しかし、それは現実から目を背けていることにほかなりません。
そのような場合は次のように考えてみてはいかがでしょう。
「母は私をいつも心配してくれていた、でもあのように言われるときはいつも憎らしかった」
「父のことは好きだったけれど、私のことをきちんと理解してくれなかったこところは好きじゃなかった」
声に出して言ってみる、紙に書き出してみる。そのようにして事実をありのままに親の非を受け入れることにより自分に非がないことを実感することができるでしょう。
【親もまた完璧でないことを理解しましょう】
親は子どもを心配し、子どもに期待をするものです。しかし、その表現の仕方によっては子どもの心に深く傷を負わせてしまうことがあることを知らない親が多くいるのが現実です。

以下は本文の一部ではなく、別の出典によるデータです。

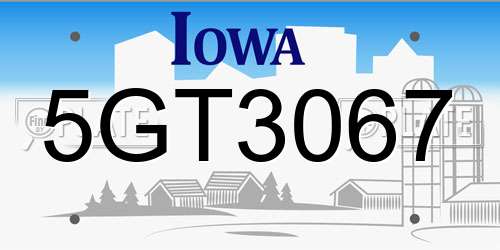 5GT3067 Iowa License Plate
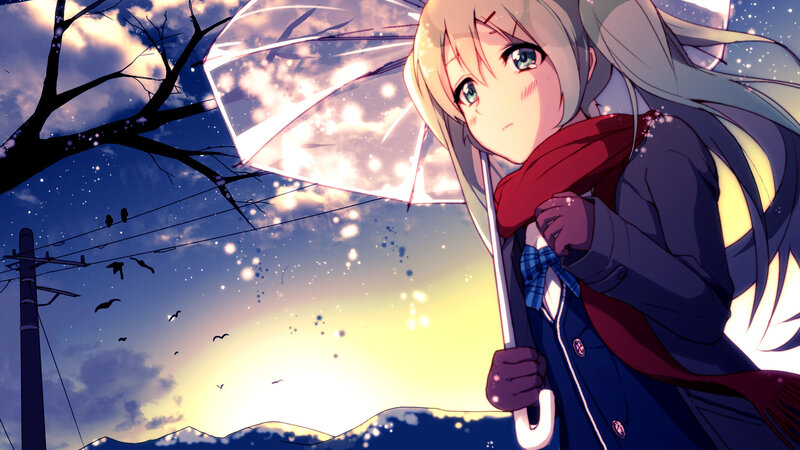 Anime Girl with Umbrella — Blue, Dramatic, Sunset, Scarf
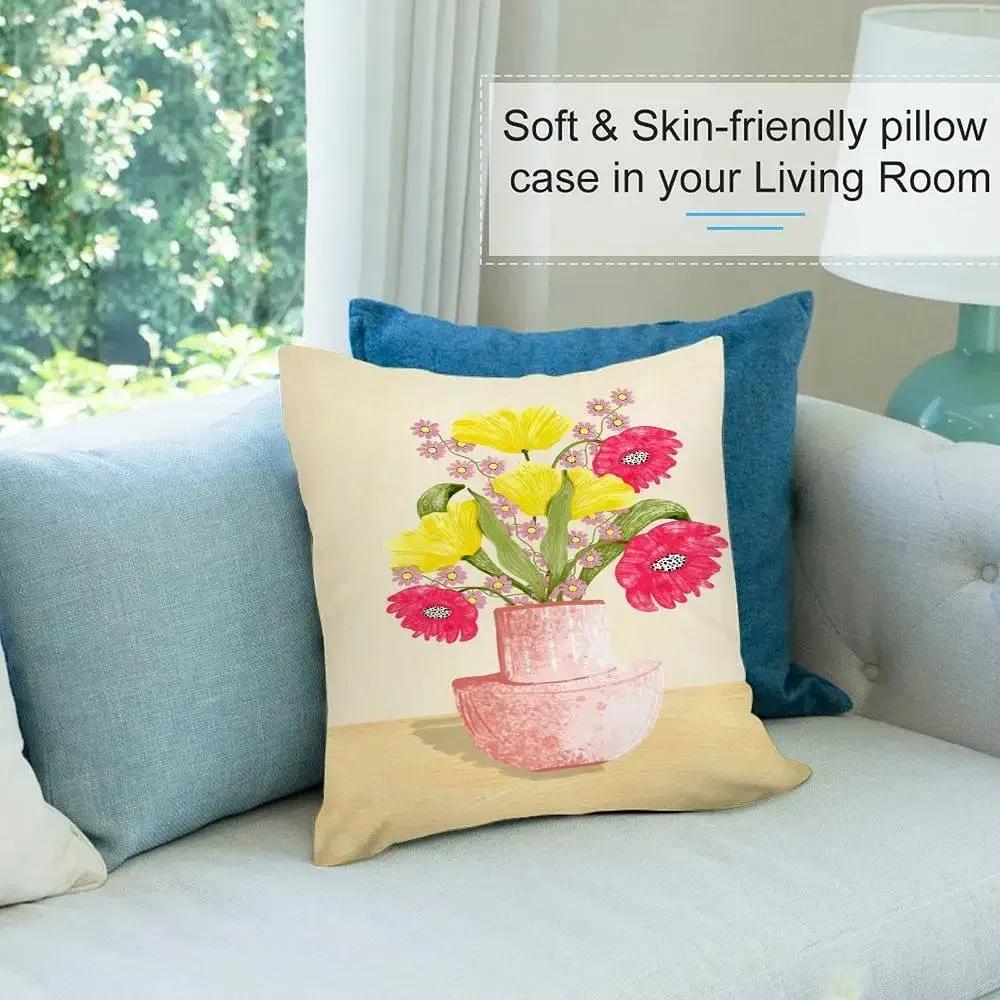 Art Flower Vase Pillow Case Short Plush Double-sided Print Square Throw Pillow Covers Sofa Home Cushion Decor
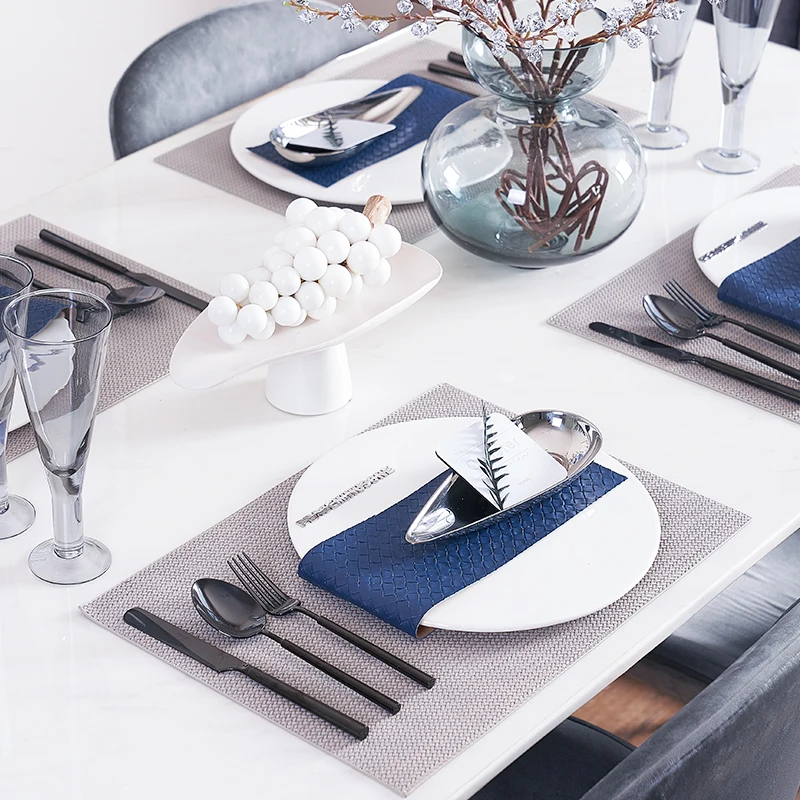 Nordic Birthday Party Club Restaurant Hotel Dining Table Setting Tableware Set Cutlery Set Covered 12 Inch White Ceramic Plate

また、HSPの特性について理解しようにもできなかった親もいたことでしょう。HSPについての情報を誰もが簡単に得られるようになってからまだ間もないのです。
親もまた完璧でなく、未完成な人間であることを理解しましょう。
【貼られたレッテルを検証してみましょう】
幼い頃に言われたネガティブな言葉やレッテルが蘇ってくるときには、それらをポジティブな言葉に変換してみましょう。好きになれなかったネガティブな特性が、裏を返せば全く違うものになり得ることがわかるでしょう。
下に一例をあげます。
・引っ込み思案 → 謙虚
・神経質 → 感受性が豊か
・臆病 → 危機管理能力がある
・人見知り → 慎重
・大人しい → 落ち着きがある
また、日頃から物事を肯定的に捉え、ポジティブな言葉で接してくれる人と積極的に関わってみるのも良いかもしれません。別の視点から自分を捉えることができるようになっていくでしょう。
さらに、「認知行動療法」によるカウンセリングを受けることにより、レッテルや刷り込まれたネガティブな言葉の影響による偏った考え方や行動パターンを柔軟に変容させていくことが可能になります。
【親と適度な距離を保ちましょう】
HSPは他者と適度な距離を保つ必要があります。可能であれば、一人になる時間が確保できる一人暮らしを検討するのも良いのかもしれません。
先ほども述べましたが、親は心配もするし期待もします。しかし、影響力が大きい親からの助言は、HSPには受け入れがたく重いものであることが多いものです。助言が欲しいときにはこちらから求めにいく、そんな距離感が好ましいでしょう。
また、親にもHSPについて知ってもらうことで関係がうまくゆく場合もあります。あなたがHSPであれば、親のどちらかがHSPであると考えられます。HSPについて共に理解を深めることで、不要な衝突を避けることができるようになるかもしれません。
【まとめ】
HSP気質を持っていることで生じたネガティブな体験やHSPの特性を好ましく思わない家庭環境など、幼少期のこれらの体験はその後の人生に大きく影響するものです。
しかし、HSP=生きづらい、と考えてしまうのは少し残念なように思います。
なぜなら、HSPであっても自然体でのびのびと、その特性を存分に活かして生きている人もいるからです。
今からでも遅くはありません。
小さなあなたを大事に育て直し、より良く生きるために不都合なレッテルは手放してゆきましょう。
そして、HSPの特性を活かしたあなたらしい生き方を一緒に取り戻していきましょう。